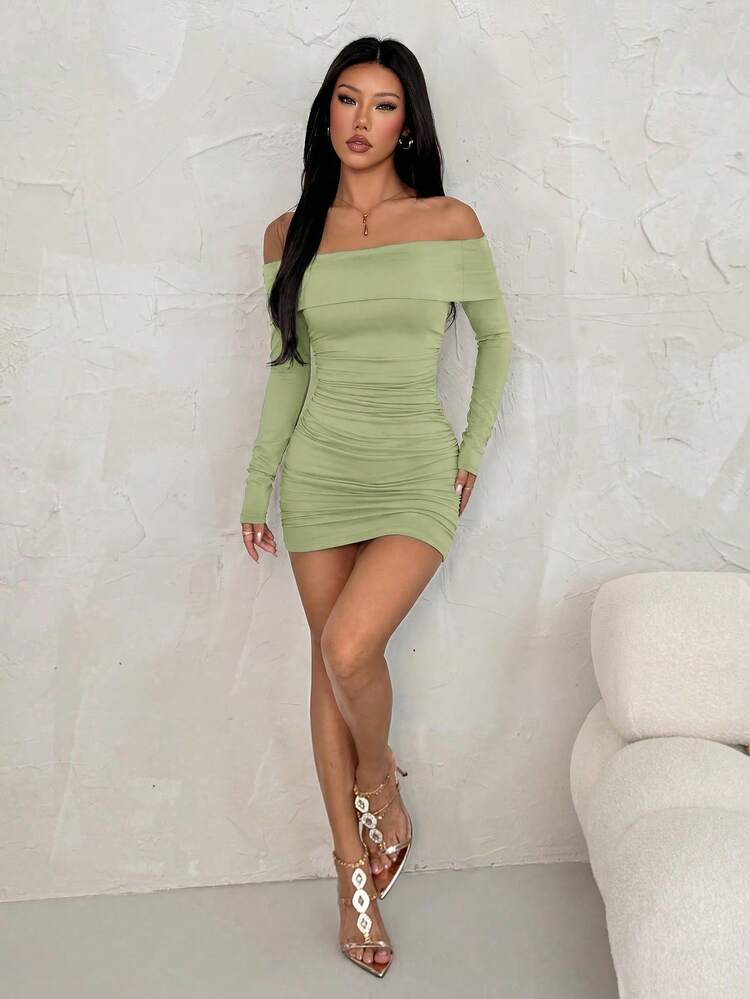 shein petite midi dresses SHEIN PETITE Women Contrast Color Fitted Midi Dress Maxi Women Outfit Fall  Cloth For Women ,Petite Women
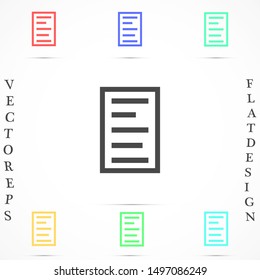 VECTOR ICON 10 EPS LOREM IPSUM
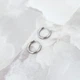 Серебряные серьги без камней (60001442) - изображение 2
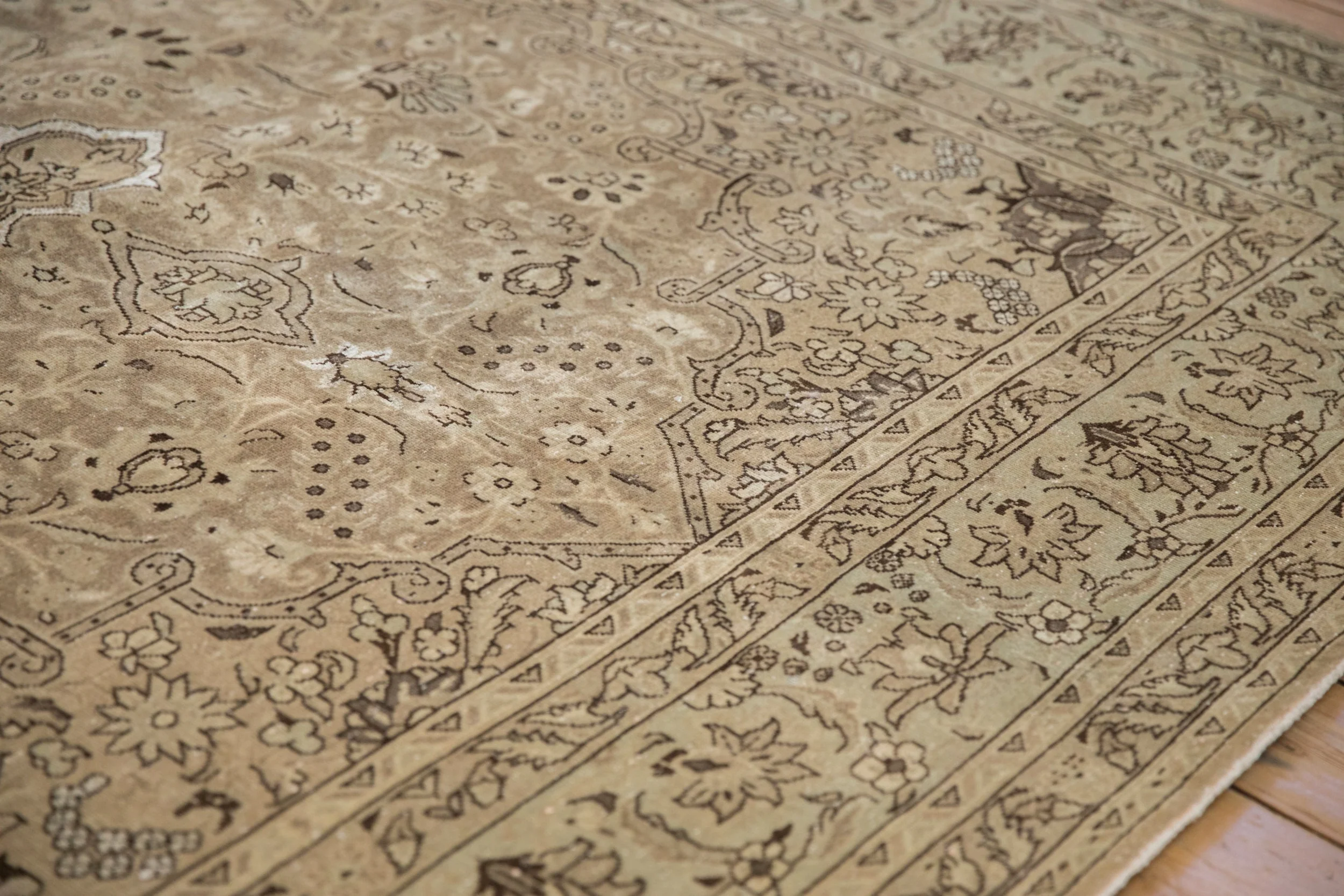 7.5x10.5 Vintage Distressed Tabriz Carpet - Image 5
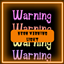 Warning Neon Light logo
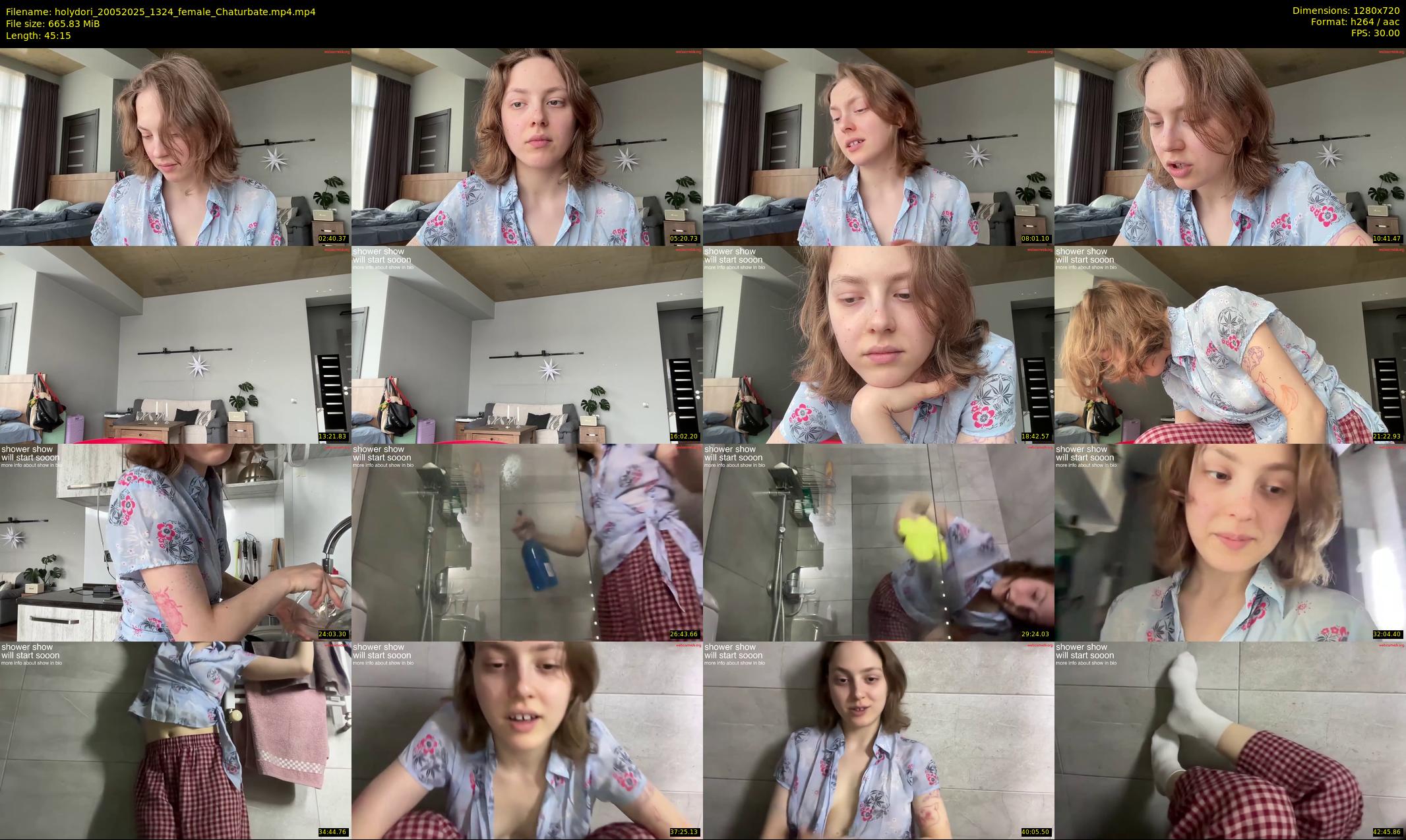 holydori — 46 minute Chaturbate female cam show recording, 720p, May 20, 2025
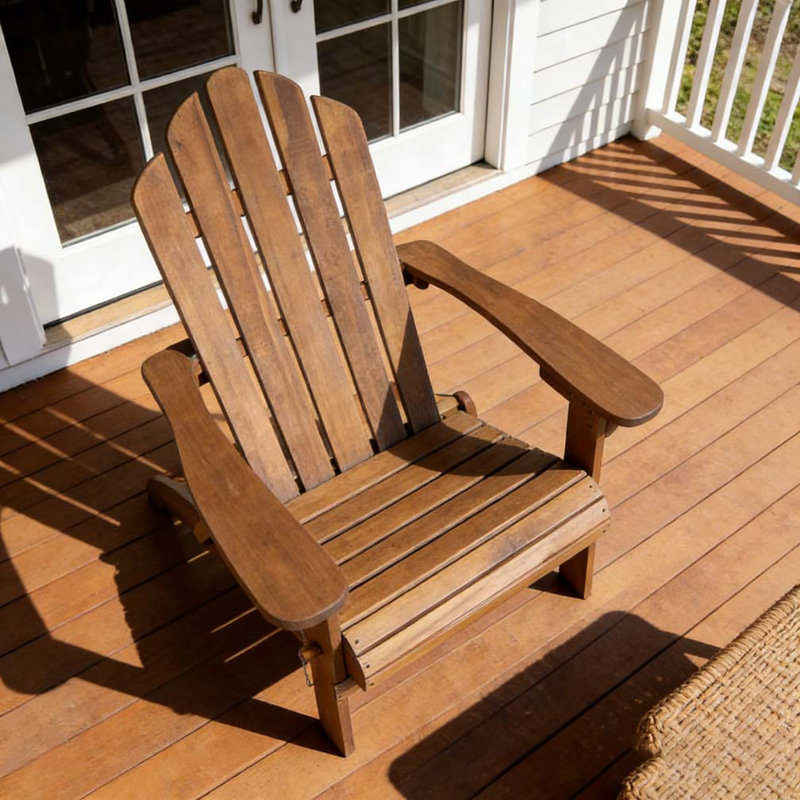Chaise d'extérieur pliable, Marron foncé
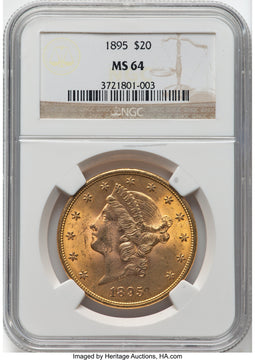 1895 $20 Liberty Double Eagle NGC MS64 (776141073)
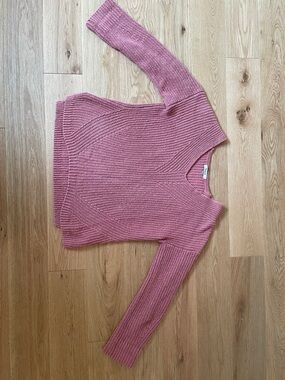 Madewell Cotton Sweater in Rose
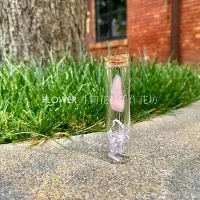 Розовый хвост кролика 3*12 см размера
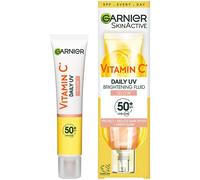 Garnier Vitamin C Daily UV Brightening Fluid Sheer Glow, SPF50+, Prevents + Corrects Sun Damages + Evens Skin tone, Face & Neck, For all skin types
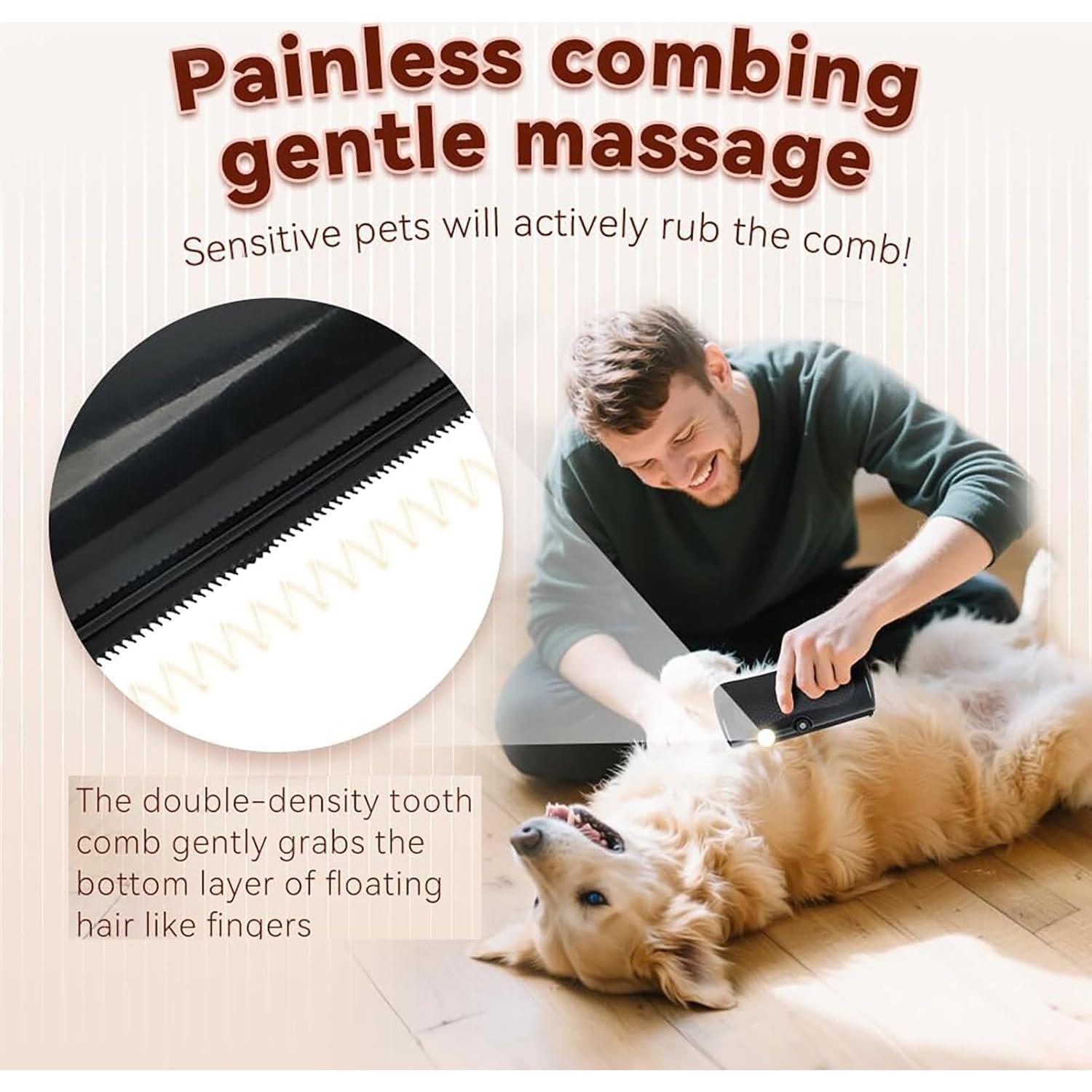 Cepillo Deshedding Genérico para Perros y Gatos - 15cm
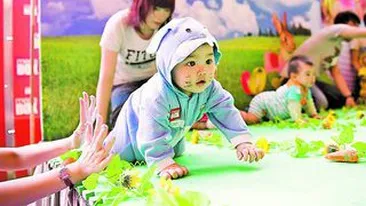 Cursa de-a busilea pentru bebelusi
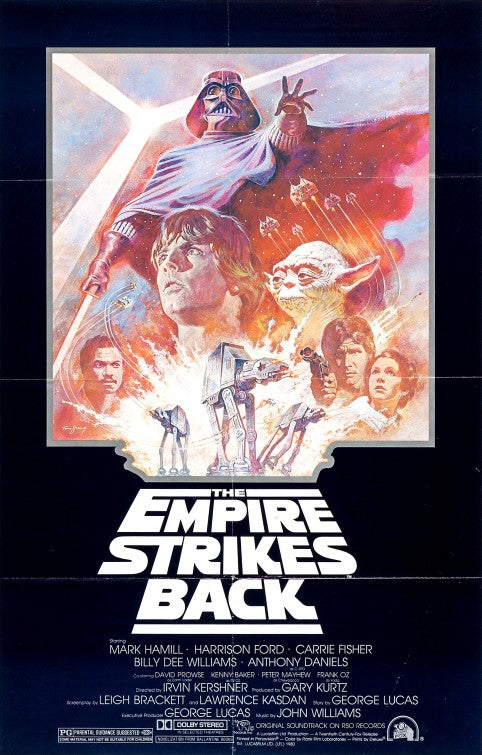 the movie poster: The Empire Strikes Back (1980) ver8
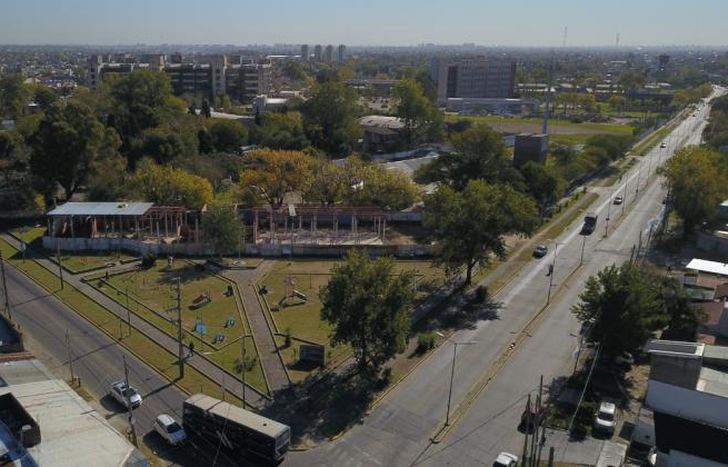 en Las Heras y 12 de Octubre.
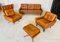 Fauteuils Mid-Century en Cuir Cognac par Svend Skipper, Danemark, Set de 2 1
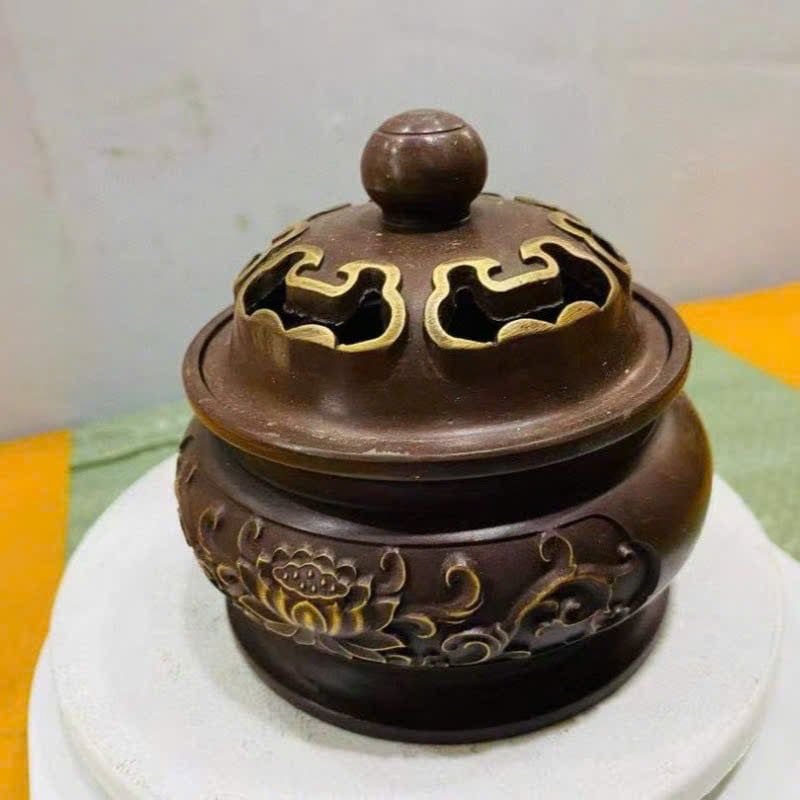  Lư hương đồng đúc nguyên khối BKMECN-9558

» **TASK DETAILS**: Copy every line above word for word and exclude the pictures.

» **TASK SOLUTION**:
 shein petite midi dresses SHEIN PETITE Women Contrast Color Fitted Midi Dress Maxi Women Outfit Fall  Cloth For Women ,Petite Women
 VECTOR ICON 10 EPS LOREM IPSUM
 Серебряные серьги без камней (60001442) - изображение 2
 7.5x10.5 Vintage Distressed Tabriz Carpet - Image 5
 Warning Neon Light logo
 holydori — 46 minute Chaturbate female cam show recording, 720p, May 20, 2025
Chaise d'extérieur pliable, Marron foncé
 1895 $20 Liberty Double Eagle NGC MS64 (776141073)
 Madewell Cotton Sweater in Rose
 Розовый хвост кролика 3*12 см размера
 Garnier Vitamin C Daily UV Brightening Fluid Sheer Glow, SPF50+, Prevents + Corrects Sun Damages + Evens Skin tone, Face & Neck, For all skin types
 Cepillo Deshedding Genérico para Perros y Gatos - 15cm
 Cursa de-a busilea pentru bebelusi
 the movie poster: The Empire Strikes Back (1980) ver8
 en Las Heras y 12 de Octubre.
 Fauteuils Mid-Century en Cuir Cognac par Svend Skipper, Danemark, Set de 2 1
  Lư hương đồng đúc nguyên khối BKMECN-9558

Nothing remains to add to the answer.